1899 Clive Staples ("Jack") Lewis baptized in St. Mark's, Belfast, by his grandfather, the Reverend Thomas Hamilton, Rector of St. Mark's.

1956 Lewis delivers his last sermon, "A Slip of the Tongue," in the chapel of Magdalene College (Cambridge) at Evensong.

Cool Link of the Day: 'La Belle Dame Sans Merci' by John Keats

4 Comment(s):

At Sat Jan 29, 07:44:00 AM EST, Blogger Arevanye said...

So is Lewis implying that talking mice don't have nightmares?

I forget which site I read this on, but someone made a reference to the scripture: "Even though I walk through the valley of the shadow of death, I will fear no evil, for Thou art with me. ",and how later on in the chapter, Lucy prays and the albatross comes and guides them out of the darkness of the island.

They were making a comparison between being drawn into sin by the promise of "having all your dreams come true", and then realizing too late that the darkness hides unspeakable horrors, and how inescapable that darkness is without prayer and intervention by God.

Thoughts?

 
At Sat Jan 29, 11:17:00 AM EST, Blogger Sandicomm said...

I think DT is my favorite of the Narnian books. I liked it better than Homer's Odyssey, and the Odyssey is wonderful.

I can see where that person who wrote that essay (I guess it was an essay?) was coming from, and I can't decide whether or not I agree. The passage pretty much speaks for itself.

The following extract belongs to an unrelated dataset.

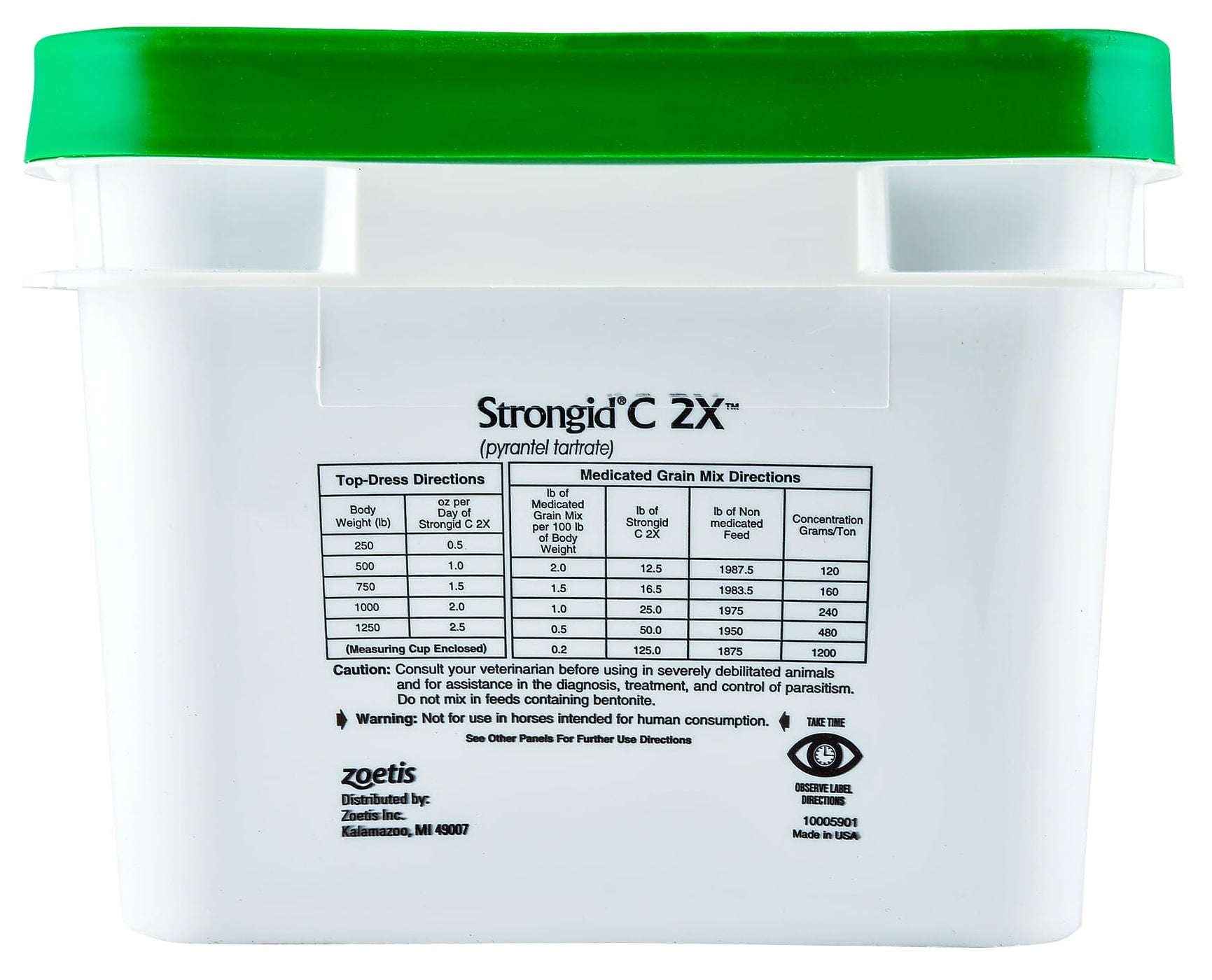 Strongid C 2X Concentrated Daily Equine Anthelmintic — Jeffers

As for the Reepicheep thing: it is nonsense to think that animals don't have nightmares; I know when my dogs have nightmares, and I knew when my own Reepicheep had nightmares. I think what Lewis was trying to say is that animals don't have the same kind of nightmares as humans do: they don't dream of ambition gone horribly wrong or things like that.

 
At Sat Jan 29, 02:26:00 PM EST, Anonymous Anonymous said...

The comment may be less about 'animals' and more about Reepicheep specifically. He is always presented as utterly dauntless. Perhaps he has the same dreams as the others but he will face them rather than fly.-MrKimi

 
At Sat Jan 29, 10:06:00 PM EST, Blogger Arevanye said...

Thanks, Mr. Kimi. Yes, I think you are right. Reepicheep was never one to back down!

BTW, just had to comment that I love the word "poltroonery".